Start of DATA FOR THE TASK
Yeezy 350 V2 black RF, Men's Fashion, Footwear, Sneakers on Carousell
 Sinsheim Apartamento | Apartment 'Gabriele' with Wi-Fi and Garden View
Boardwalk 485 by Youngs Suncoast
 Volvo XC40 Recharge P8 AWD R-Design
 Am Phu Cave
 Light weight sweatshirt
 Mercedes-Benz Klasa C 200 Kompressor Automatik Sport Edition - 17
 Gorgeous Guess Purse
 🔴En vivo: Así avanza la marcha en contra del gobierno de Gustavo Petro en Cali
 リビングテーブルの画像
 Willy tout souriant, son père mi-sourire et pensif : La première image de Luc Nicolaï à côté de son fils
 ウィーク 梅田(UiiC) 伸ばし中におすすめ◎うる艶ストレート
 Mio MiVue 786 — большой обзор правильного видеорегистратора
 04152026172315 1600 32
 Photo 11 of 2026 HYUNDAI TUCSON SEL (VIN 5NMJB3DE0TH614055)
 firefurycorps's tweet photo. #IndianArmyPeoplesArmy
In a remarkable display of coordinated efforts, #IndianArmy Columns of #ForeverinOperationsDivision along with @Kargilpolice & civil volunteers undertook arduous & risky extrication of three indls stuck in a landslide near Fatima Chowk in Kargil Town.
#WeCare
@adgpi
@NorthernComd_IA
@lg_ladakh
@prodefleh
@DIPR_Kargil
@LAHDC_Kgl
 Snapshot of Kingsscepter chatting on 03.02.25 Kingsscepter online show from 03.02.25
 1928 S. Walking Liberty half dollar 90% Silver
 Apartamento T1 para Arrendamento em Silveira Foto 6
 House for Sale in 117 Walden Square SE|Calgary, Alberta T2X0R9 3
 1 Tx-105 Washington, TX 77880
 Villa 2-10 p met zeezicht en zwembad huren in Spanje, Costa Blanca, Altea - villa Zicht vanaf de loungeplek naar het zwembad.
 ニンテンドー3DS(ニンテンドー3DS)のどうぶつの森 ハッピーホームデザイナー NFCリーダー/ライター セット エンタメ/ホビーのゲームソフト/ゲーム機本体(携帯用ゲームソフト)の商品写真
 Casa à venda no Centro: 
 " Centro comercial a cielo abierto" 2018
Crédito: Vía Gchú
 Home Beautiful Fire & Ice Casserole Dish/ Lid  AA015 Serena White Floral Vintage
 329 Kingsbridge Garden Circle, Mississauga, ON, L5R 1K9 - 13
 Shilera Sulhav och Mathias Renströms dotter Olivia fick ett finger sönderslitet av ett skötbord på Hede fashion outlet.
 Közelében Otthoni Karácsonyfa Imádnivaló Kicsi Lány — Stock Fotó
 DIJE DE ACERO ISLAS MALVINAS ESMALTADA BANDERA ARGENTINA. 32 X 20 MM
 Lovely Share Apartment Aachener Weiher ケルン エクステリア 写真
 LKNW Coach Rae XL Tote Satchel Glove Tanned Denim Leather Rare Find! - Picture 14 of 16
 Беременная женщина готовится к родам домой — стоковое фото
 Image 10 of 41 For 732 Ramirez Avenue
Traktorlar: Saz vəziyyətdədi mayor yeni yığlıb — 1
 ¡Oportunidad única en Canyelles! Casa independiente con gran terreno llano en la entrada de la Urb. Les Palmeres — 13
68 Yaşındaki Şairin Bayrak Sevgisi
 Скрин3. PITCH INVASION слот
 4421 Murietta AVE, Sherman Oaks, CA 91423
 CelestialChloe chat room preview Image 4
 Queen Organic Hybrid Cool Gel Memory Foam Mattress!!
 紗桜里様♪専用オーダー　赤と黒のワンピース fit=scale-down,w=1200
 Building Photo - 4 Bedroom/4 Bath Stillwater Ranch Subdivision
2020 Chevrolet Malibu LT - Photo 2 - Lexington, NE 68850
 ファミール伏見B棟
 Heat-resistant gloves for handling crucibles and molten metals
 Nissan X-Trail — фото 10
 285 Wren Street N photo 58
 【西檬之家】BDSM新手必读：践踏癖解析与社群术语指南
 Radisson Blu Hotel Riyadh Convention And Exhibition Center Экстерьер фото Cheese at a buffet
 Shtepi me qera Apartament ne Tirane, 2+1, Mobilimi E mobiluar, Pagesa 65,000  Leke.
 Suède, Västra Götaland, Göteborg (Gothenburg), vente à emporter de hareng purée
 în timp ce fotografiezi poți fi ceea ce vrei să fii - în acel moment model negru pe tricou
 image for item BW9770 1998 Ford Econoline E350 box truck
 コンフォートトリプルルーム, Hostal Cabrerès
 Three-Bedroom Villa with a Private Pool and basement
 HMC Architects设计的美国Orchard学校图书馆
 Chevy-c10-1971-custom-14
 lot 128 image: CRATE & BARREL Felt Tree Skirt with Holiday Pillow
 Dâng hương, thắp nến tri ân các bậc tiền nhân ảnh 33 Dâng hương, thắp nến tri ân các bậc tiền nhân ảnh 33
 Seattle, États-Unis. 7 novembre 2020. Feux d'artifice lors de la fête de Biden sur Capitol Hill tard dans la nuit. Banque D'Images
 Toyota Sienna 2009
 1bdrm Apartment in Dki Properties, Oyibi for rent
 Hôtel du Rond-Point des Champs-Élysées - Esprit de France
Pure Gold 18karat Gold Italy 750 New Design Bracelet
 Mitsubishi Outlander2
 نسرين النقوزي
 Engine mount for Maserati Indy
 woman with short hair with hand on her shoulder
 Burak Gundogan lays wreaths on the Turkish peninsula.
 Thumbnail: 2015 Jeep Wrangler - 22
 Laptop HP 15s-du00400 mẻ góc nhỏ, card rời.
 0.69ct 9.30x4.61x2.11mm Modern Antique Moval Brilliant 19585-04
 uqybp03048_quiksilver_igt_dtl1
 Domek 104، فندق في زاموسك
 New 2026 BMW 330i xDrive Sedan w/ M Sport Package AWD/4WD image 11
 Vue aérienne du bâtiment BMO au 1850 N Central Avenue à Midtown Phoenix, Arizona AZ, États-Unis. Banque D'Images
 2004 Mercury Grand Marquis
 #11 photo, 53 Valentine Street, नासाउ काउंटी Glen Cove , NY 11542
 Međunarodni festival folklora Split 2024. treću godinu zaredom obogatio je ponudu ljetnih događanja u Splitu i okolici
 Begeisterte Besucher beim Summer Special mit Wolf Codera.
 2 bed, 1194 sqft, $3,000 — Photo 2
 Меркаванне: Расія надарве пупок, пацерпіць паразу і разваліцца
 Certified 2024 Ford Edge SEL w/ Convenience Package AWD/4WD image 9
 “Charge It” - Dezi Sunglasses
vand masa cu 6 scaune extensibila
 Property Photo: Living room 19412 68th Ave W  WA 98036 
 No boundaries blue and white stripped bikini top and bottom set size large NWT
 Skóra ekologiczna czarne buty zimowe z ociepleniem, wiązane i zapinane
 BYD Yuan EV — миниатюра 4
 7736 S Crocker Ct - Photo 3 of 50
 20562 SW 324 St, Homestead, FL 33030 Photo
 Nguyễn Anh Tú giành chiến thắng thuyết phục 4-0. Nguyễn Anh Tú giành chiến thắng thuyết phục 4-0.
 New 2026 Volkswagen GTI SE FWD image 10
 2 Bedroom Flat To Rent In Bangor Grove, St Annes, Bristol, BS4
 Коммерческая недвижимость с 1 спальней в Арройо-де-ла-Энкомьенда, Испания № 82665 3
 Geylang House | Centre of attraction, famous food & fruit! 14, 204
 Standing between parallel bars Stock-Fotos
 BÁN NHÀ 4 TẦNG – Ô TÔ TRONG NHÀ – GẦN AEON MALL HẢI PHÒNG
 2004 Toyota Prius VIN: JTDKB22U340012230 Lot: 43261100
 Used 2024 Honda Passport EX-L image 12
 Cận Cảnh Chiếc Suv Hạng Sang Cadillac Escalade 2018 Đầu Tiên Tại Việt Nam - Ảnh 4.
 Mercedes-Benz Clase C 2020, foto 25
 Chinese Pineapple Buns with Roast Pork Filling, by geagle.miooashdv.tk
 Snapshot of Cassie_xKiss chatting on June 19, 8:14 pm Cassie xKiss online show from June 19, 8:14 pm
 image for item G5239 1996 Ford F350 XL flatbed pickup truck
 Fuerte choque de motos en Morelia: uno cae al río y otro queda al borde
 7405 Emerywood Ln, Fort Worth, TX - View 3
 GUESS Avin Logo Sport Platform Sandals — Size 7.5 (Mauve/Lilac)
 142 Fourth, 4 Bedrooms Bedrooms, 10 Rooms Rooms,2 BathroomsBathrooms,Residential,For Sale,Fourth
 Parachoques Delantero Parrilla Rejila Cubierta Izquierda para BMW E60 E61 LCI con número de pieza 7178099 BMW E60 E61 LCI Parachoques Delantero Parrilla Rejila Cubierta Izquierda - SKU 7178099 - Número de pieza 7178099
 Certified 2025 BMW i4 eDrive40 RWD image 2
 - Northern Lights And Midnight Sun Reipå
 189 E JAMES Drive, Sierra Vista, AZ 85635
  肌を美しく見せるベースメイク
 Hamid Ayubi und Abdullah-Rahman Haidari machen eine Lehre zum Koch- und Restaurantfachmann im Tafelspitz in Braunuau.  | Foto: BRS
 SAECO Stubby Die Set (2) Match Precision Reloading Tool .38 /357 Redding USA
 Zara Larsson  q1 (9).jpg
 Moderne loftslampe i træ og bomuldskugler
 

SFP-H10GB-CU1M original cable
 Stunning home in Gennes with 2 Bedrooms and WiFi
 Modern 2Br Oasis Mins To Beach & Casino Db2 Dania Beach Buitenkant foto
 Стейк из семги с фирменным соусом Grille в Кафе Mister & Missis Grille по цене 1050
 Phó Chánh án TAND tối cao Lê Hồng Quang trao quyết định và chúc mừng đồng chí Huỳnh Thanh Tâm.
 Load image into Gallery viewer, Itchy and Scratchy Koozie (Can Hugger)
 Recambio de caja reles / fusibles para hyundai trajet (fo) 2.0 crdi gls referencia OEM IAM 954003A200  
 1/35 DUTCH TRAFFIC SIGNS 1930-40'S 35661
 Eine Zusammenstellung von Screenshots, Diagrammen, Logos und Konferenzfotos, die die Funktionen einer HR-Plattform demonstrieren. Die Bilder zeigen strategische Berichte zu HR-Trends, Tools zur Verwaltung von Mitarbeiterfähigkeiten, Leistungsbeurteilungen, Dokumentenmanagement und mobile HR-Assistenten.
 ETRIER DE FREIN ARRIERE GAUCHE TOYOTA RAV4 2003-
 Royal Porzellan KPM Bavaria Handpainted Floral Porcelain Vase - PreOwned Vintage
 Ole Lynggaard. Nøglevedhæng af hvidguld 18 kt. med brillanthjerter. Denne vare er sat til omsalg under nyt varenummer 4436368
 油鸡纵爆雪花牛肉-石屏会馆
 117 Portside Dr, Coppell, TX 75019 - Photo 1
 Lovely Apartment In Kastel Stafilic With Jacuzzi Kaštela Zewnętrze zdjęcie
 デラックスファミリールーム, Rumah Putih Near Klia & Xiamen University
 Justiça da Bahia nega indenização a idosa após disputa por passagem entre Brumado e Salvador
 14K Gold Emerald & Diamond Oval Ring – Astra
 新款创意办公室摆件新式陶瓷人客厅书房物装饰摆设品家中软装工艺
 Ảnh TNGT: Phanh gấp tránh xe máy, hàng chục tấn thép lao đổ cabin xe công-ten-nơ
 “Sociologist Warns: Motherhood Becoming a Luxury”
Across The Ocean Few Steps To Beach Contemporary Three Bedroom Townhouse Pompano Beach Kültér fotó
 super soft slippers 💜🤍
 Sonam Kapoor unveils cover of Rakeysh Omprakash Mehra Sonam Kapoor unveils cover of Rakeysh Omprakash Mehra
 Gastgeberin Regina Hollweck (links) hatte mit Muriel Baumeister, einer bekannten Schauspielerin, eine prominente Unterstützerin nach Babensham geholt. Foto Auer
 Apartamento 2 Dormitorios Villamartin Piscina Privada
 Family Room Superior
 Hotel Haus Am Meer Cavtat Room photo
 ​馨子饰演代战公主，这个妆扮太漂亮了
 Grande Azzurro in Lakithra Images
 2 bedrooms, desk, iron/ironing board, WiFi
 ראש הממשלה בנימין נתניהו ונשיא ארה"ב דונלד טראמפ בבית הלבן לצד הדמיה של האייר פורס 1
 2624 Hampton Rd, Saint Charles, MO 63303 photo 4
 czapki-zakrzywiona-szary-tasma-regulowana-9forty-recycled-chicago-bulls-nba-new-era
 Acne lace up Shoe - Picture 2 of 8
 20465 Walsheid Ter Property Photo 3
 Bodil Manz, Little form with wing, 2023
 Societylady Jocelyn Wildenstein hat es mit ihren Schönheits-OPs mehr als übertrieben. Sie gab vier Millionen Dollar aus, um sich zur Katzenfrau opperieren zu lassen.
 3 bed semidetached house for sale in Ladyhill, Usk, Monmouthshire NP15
End of DATA FOR THE TASK
• **WORK INSTRUCTIONS**
Using the entries above, return each line that includes the word "États".

• **SOLUTION**
 Seattle, États-Unis. 7 novembre 2020. Feux d'artifice lors de la fête de Biden sur Capitol Hill tard dans la nuit. Banque D'Images
 Vue aérienne du bâtiment BMO au 1850 N Central Avenue à Midtown Phoenix, Arizona AZ, États-Unis. Banque D'Images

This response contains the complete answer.